Politicians can easily fall victim to the temptations of populism and short-termism due to pressure from media and particularly social media, he said, while urging them to do otherwise.
"Parliamentary democracy must be strong, capable of responding to today's challenges and demonstrating its effectiveness and efficiency. Therefore, I would like to ask for support and encouragement for any initiative aimed at strengthening the Saeima and improving its quality."
The President also indicated his willingness to get hands on and use his right as President to ''raise issues of national importance" for discussion in parliament which he hoped would be solved by the end of the next Spring session of parliament.
Specifically he identified financial support for public service media (which includes LSM), as a priority, saying "Rapid progress must be made with the adoption of a new, dedicated Public Media Law to ensure transparent and good governance of public media,"

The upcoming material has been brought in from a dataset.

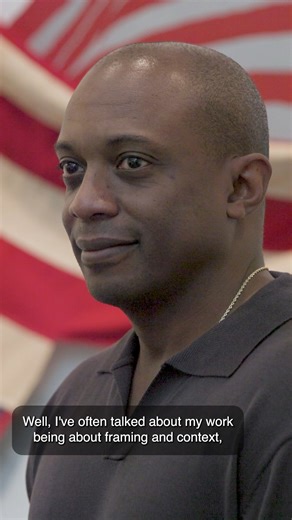 Nelson-Atkins Museum on Instagram: "Hank Willis Thomas' art reflects our past — literally. Using the same material that allows street signs to reflect light, Thomas’ Until Ex parte Endo (Part 1) hides ghostly figures that only appear when we cast light on them. Take a flash photograph with your camera or phone to reveal a detail of a Dorothea Lange photograph of schoolchildren saying the Pledge of Allegiance in 1942. Within months of the photograph being taken, the government would force the stu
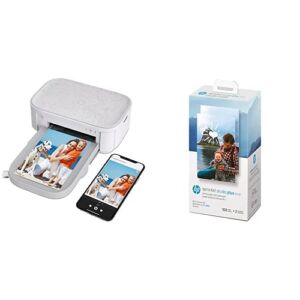 HP Sprocket Studio Plus and Photo Paper Bundle – Wireless Printer and Double Pack of Paper Cartridges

His second item was "a need for improvements to promote active and innovative political parties. The funding of political parties from the state budget should be increased in order to reduce the dependence of political parties on private donors and their interests."
Third, the Saeima and the government "must jointly seek solutions for the development of higher education and science. We need to be able to create an excellent and forward-looking system of higher education that fosters science, innovation and the economy," said the President.
Item number four on his to-do list was finding "solutions to combat economic crime" and in particular improving procedural laws so that court cases can move much faster than at present, when cases can take years to make their way through the legal system,
Finally, Levits returned to constitutional matters and an idea he has repeatedly floated in the past: the possible creation of an independent state council "to support and strengthen the Saeima in its legislative work, in order to ensure the quality of laws required by the people of Latvia today and to focus legislation on the sustainability of the state."
"Serious consideration" should be given to establishing such a body, Levits said, adding that it could "bring new, modern levels of quality directly into the legislative process."
He left parliamentarians with a broad hint that he would like to see a budget in place before the November 18 independence day holiday before leaving them to get on with the 33 items on the first day's agenda.